Harris favours black frankincense from the scrawny trees that grow on the cliffs of Al Fazayah, west of Salalah.
“Those frankincense trees in Wadi Dawkah, they live on a flood plain and they’re these huge trees, so of course they’re different than the trees in Wadi Ayoob,” she says.
“Those Fazayah trees they’re all impossible, and those Wadi Ayoob trees, they’re psycho. They have nothing on them, they’re like ferocious little creatures that you think would be in Iceland or something, without any of the branches and gracefulness. They’re just really hardcore. They look like someone in the old days who walked up in the mountains with a sack of salt and a stick to ward off hyenas. I’ve never seen anyone tap them.”
The best frankincense is a matter of opinion, she tells me. “The Omanis are going to say the white frankincense from Hasak or Jebel Samhan is best, or the green one because it’s the male tree. Whatever.
“My favourite one is the dark stuff from Fazayah. I could be wrong about this but the groves that I like the most, I consider them the old lady trees because they’re strong and they’re stout but they’re beautiful. That stuff, it’s oozy and it’s black. I’ve seen them being pollinated by clouds of white butterflies.”
In 2011, Harris gained international attention for her frankincense ice cream, which made its debut at the Al Haffa frankincense souq, outside Salalah.

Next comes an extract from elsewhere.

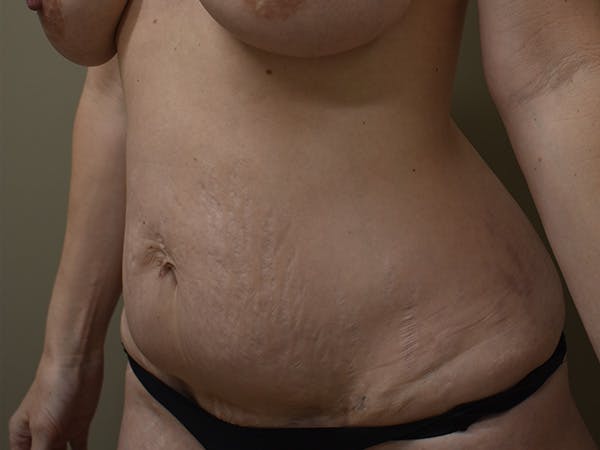 Tummy Tuck Before & After Gallery - Patient 285733 - Image 7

With the blessing of the municipality, she set up a stand beside a mango seller, a corn seller and a chickpea seller.
The international media may have been impressed, local vendors were not. It caused a furor and a meeting was held at the municipality at 11pm one night to discuss why an American woman should have the right to sell frankincense ice cream at all.
“I was like, ‘Try, try, try it. Ladheed wa jadeed.’ Then they would try it because it’s rude to refuse food and then they’d say, ‘I’ll take two more’.”
Harris sourced milk from the royal farm on the road to Taqah that opens its doors at 9am each morning until everything is sold out. “They sell milk and limes and whatever produce they’ve got on that day. It’s like Macy’s at Christmas time, you go there and everybody is standing outside and you’ve got to fight to get in,” Harris says. “You’ve got to elbow and go under people.”
Ice cream and perfume are alike, she says. “When you smell a perfume, effervescence comes out and you’ve got your top notes and then the heart and the base. It’s like a whole musical composition. With ice cream or gelato your fat is basically a similar structure.”
When the monsoon season ended, Harris closed her Haffa souq ice-cream stall and travelled to study, first in the United States and then at a gelato school in Bologna, Italy.
“I went to ‘ice-cream school’ first, at the University of Pennsylvania. It was more the business side of ice cream ... But there was a gelato guy there and everything he said made sense,” she says. “Instead of formulas and tasting the amount of fat percentage and air, we just made gelato.”
For now, the project is on hold but Harris expects she will be making small batches of frankincense ice cream by next year. An Enfleurage boutique will open in Muscat by the end of the year and for now, she is letting the frankincense take its time. Distillation is all about waiting, she says. “You know how Oman is. I just think you can’t force the oil out of the luban, just the same way you can’t force people here. You have to gently ask the frankincense to give up it’s scent and then it gives beautiful oil.”